--- TASK BRIEF ---
Before copying, find the line below that contains "Truyện Tranh Nam"; then return it and all later lines exactly, up to and including the final line, with no pictures.

⁂

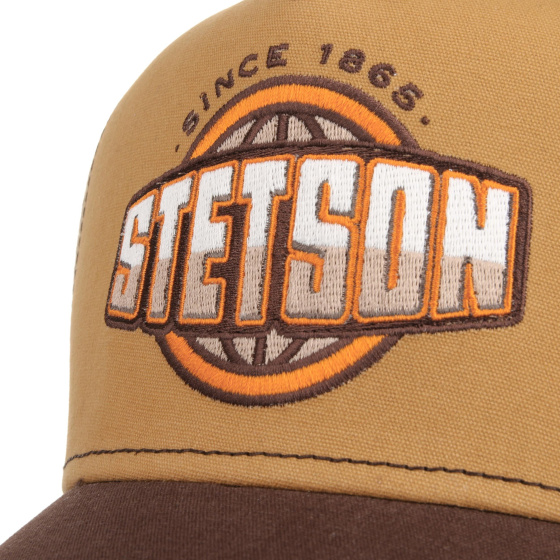 Trucker Cap Hucksaw - Stetson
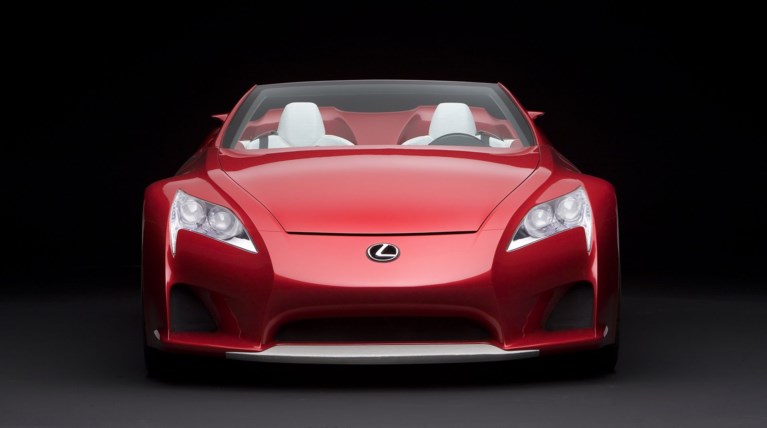 Lexus LFA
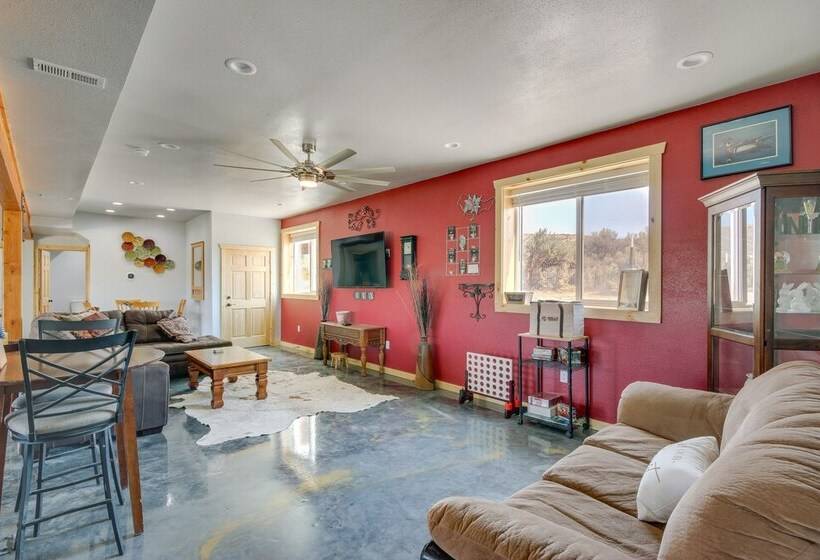 Peaceful Belfry Retreat On 14 Acres W/ Grill!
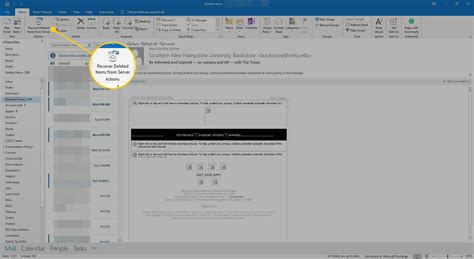 How To Recover Deleted Emails In Outlook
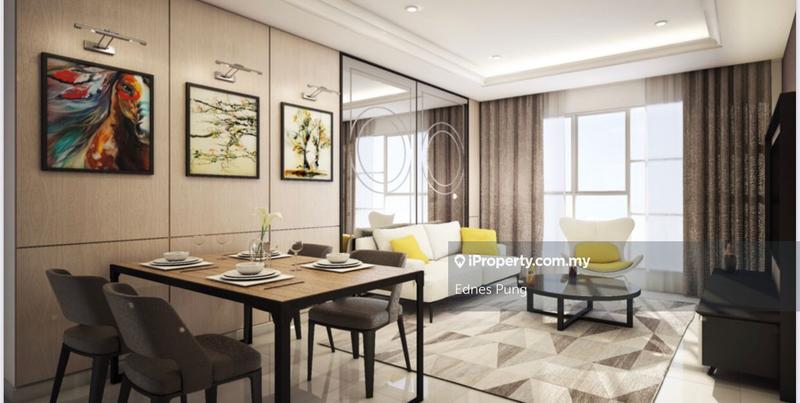 Condominium for Sale in Hillcrest Heights by Ednes Pung - iProperty.com.my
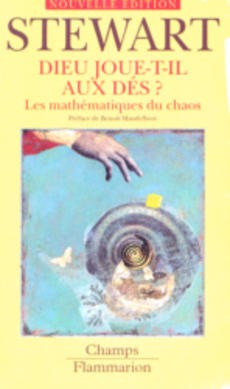 Dieu joue-t-il aux dés ? - couverture livre occasion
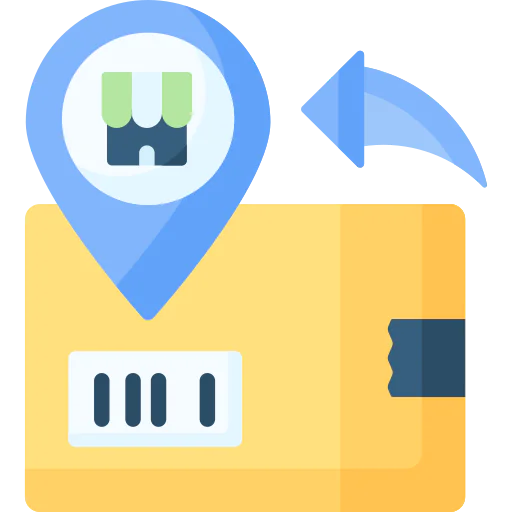 Returns icon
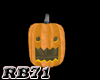 (RB71) Animated Pumpkin
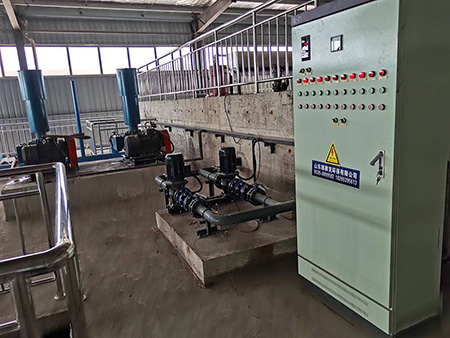 济宁某食品厂300方每天开云手机客户端项目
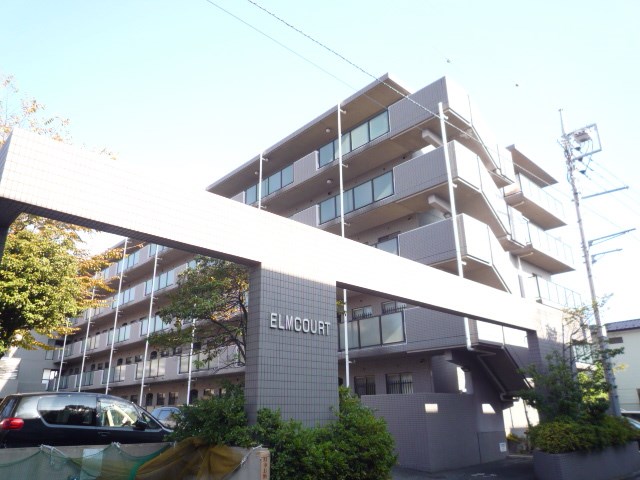 エルムコート 305号室 外観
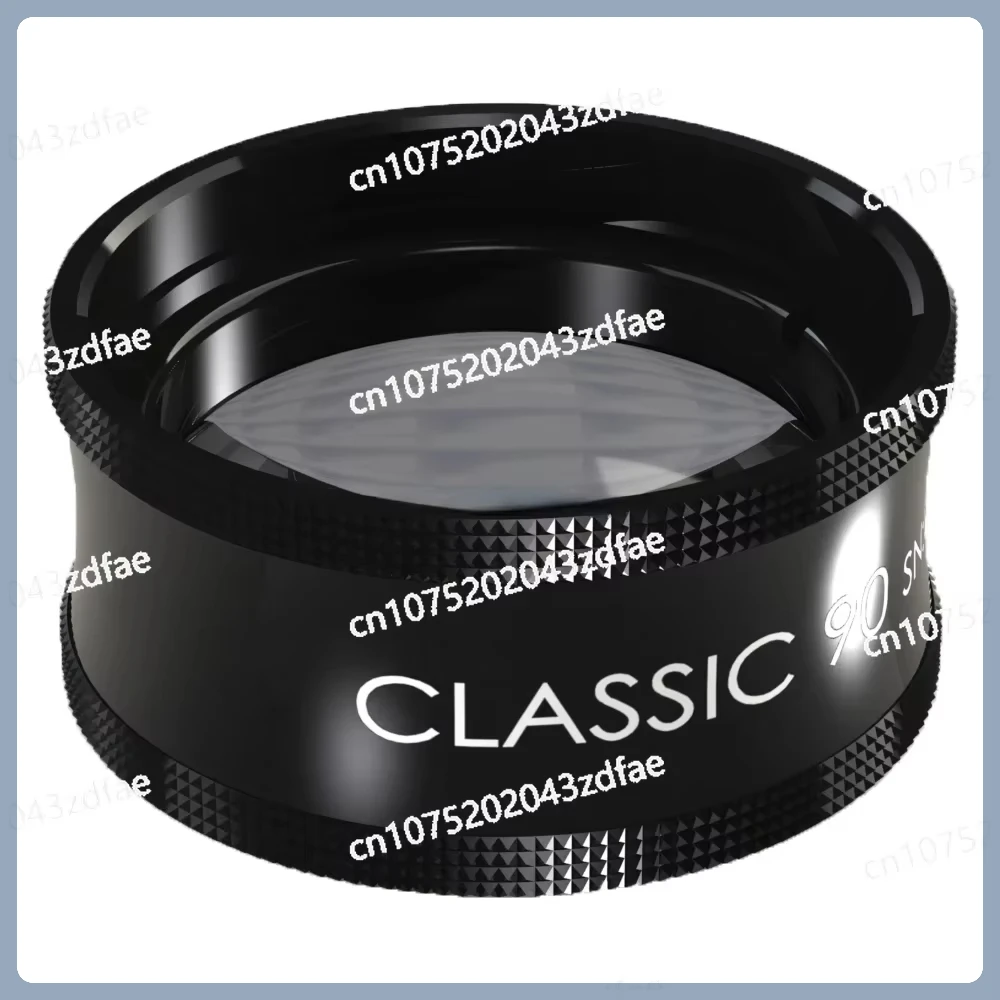 

Ophthalmic lenses XSC90-90D 78D 20D achromatic double non spherical lens slit lamp lens ophthalmic instrument cornea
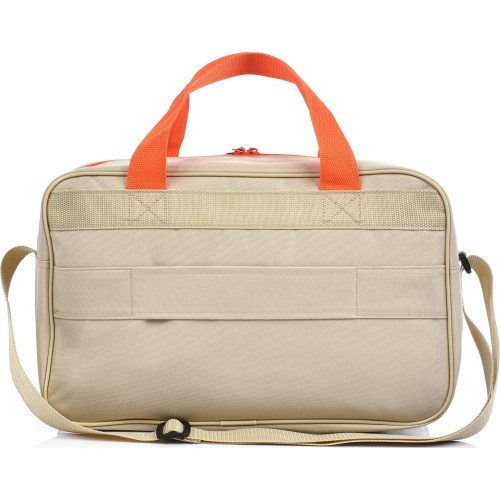 Sportinis krepšys Meteor Lokman 20 l - Orange/beige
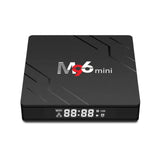 M96 Mini Android13 TV Rockchip RK3528 4GB 64GB Support 8K Video 4K 60fps Wifi6 BT5.0 Set Top Box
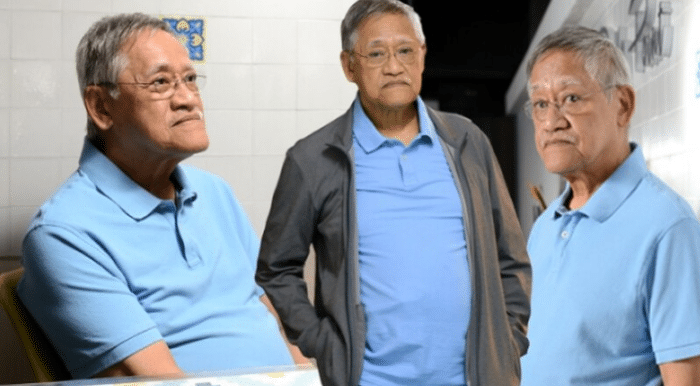 吴耀汉|儿子发文称吴耀汉生前曾试图自杀,他劝阻父亲的对话内容曝光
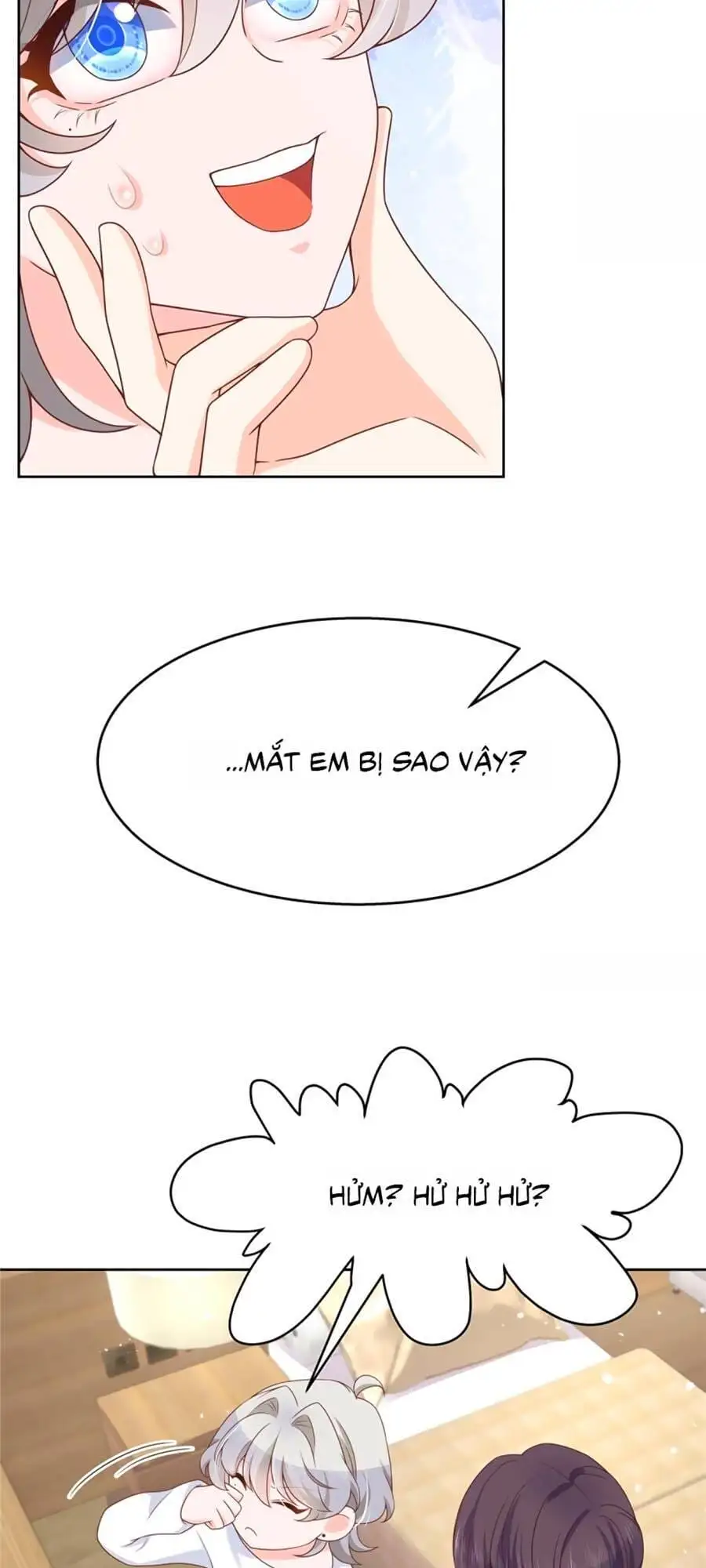 Truyện Tranh Nam Thần Quốc Dân Là Nữ - The National Hotboy Is A Girl trang 6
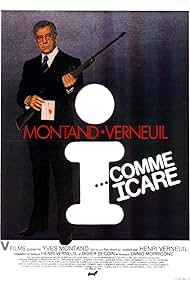 I... comme Icare (1979) cover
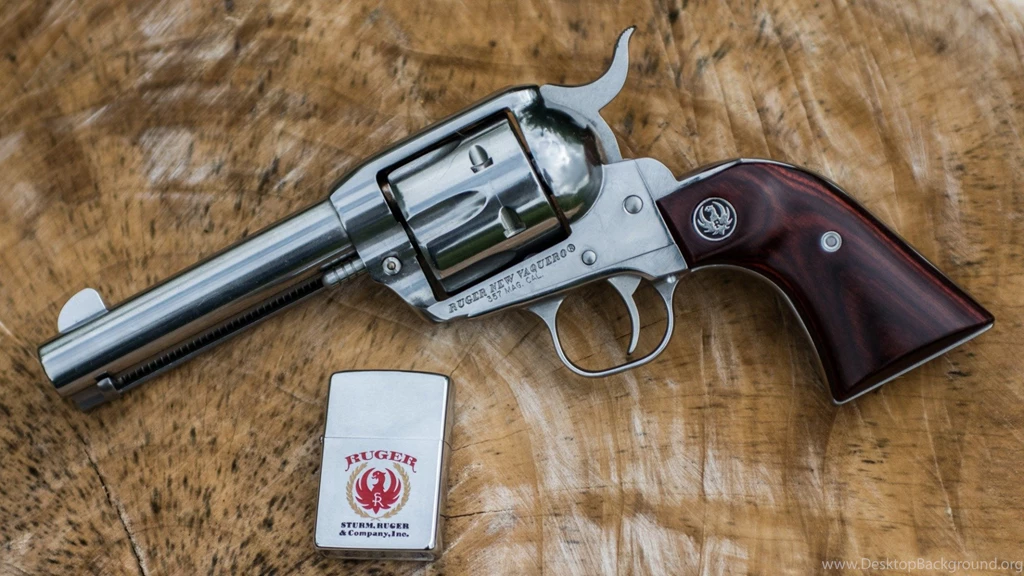 RUGER REVOLVER GUN Wallpapers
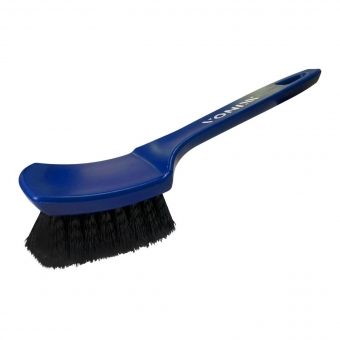 Escova Pneus Cerdas Dura Anatômica Graxa Lama Vonixx Limpeza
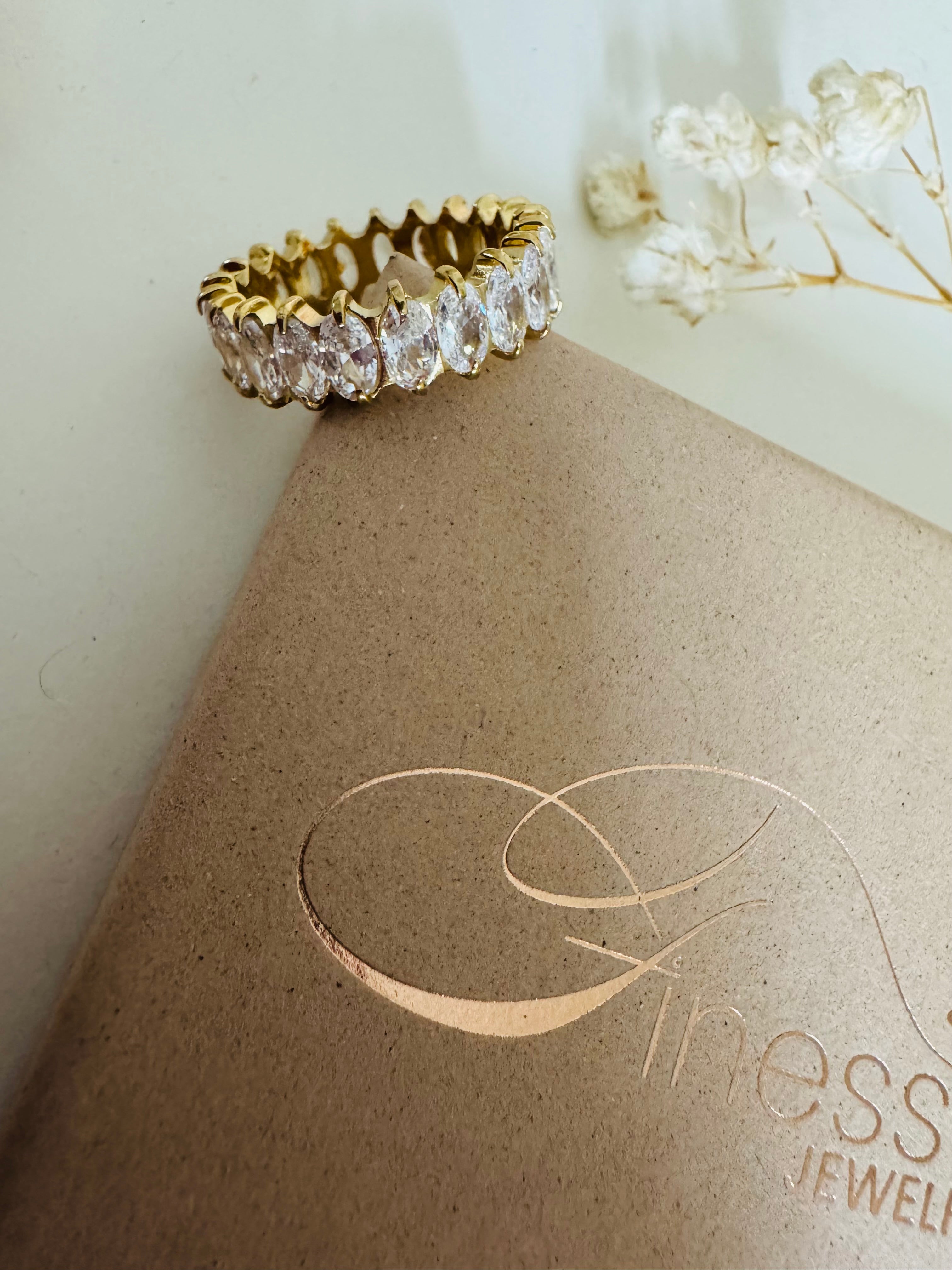 Eternelle Glamour Ring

⁂

--- SOLUTION ---
 Truyện Tranh Nam Thần Quốc Dân Là Nữ - The National Hotboy Is A Girl trang 6
 I... comme Icare (1979) cover
 RUGER REVOLVER GUN Wallpapers
 Escova Pneus Cerdas Dura Anatômica Graxa Lama Vonixx Limpeza
 Eternelle Glamour Ring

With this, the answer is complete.